Just give me a window seat and enough room to sit comfortably and I am good to go.

And so our trip to Mexico began...

Monday, January 05, 2015

Feed the birds...

Everyone sing along now:
 
Feed the birds
Two bucks a pail.
Two bucks, two bucks two bucks a pail...
 
It was one of the days before Christmas, before the snow and the temperatures fell, when I was able to snag Luke and head out to the Tracey Aviary.
When I told him we were going to go feed the pelicans, he quickly upped the plans to include feeding the tigers too.
????
(He frequents our local zoo and likes seeing the tigers there but I am *pretty sure* he isn't getting to actually feed them.)
I didn't bother to correct his assumption, assuming that once he got to feeding the pelicans, the tiger feeding idea would be long forgotten.
 
The pelicans are fed daily and for three bucks (two with membership to the aviary) one may have an entire bucket of slimy fish to indulge one's desire to feed the birds oneself.

The pelicans are not "fly by" visiting birds.
They are wild life rescue birds, birds that have been hit by water craft or maimed in other ways that makes their ability to fly to feed very limited.
They happily now live year around in the aviary where their special needs can be met.

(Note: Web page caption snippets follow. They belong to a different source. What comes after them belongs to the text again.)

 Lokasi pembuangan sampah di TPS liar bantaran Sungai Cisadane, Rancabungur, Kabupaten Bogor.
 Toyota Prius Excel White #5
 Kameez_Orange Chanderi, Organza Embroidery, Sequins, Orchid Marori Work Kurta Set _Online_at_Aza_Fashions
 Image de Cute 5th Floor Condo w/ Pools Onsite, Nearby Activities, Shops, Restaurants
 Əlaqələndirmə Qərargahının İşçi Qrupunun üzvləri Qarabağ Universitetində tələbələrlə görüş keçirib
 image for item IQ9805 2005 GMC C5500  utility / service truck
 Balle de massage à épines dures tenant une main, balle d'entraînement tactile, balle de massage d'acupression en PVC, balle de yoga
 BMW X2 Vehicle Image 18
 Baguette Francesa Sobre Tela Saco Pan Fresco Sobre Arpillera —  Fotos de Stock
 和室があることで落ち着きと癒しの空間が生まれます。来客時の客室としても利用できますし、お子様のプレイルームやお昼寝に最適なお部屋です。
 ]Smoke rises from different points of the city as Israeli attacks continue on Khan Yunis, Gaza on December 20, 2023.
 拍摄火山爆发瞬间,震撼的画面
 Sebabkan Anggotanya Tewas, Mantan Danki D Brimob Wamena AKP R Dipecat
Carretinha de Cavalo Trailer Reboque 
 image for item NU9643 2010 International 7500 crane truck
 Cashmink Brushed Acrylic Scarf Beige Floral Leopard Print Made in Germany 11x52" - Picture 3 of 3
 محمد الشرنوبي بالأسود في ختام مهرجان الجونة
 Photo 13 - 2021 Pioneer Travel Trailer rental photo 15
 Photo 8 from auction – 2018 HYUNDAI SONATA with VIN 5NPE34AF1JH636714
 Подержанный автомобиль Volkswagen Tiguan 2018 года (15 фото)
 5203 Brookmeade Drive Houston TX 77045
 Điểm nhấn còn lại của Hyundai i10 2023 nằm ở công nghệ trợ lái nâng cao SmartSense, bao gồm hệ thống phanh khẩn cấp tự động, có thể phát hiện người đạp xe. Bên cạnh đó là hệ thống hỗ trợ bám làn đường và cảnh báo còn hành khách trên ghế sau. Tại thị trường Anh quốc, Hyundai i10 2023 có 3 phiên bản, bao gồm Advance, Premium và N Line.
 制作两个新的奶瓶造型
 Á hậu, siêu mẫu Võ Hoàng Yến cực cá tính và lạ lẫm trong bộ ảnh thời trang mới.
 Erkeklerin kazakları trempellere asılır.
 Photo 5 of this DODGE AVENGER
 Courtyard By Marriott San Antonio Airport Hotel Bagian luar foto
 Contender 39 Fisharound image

As soon as the keeper arrived with a huge red bucket the pelicans swam determinedly toward the bridge where they are regularly fed.
The keeper first fed the birds some vitamin packed fish to address their special needs.

Then it was time for us to dip into the bucket and start winging dead fish out to the birds.
Luke didn't even bat an eye about touching the icky fish.
Good man!

His throwing arm is not quite up to pitching fish so he settled on poking the fish through the fencing.

I enjoyed throwing the fish mostly because I liked seeing the pelicans balloon out their throats to net the thrown fish.
No worries if they missed a few.
There were other birds that would come along later to feed on the fish that sank.

After the fish bucket was emptied and the pelicans swam away, we cleaned up with hand wipes then took a short spin through the aviary grounds.
So  many birds to see.
I really wanted some of the pink flamingo feathers that were blowing around the flamingo enclosure.
So close and yet so far...
Maybe I will ask a keeper if I could have a few next time I go.

The thing with going to go see a something with a two years old:
You may be thinking it will be all about seeing one thing while the two year old finds something else far more fascinating.
A rare brilliantly feathered bird from an exotic location turns out to not be nearly as enthralling as the ordinary water flowing beneath a small bridge.
It is moments like that that this grandmother learns once again about the value of going with the flow.
Happy Grandson, Happy Grandma.
His smile is all that I really wanted to see there anyway.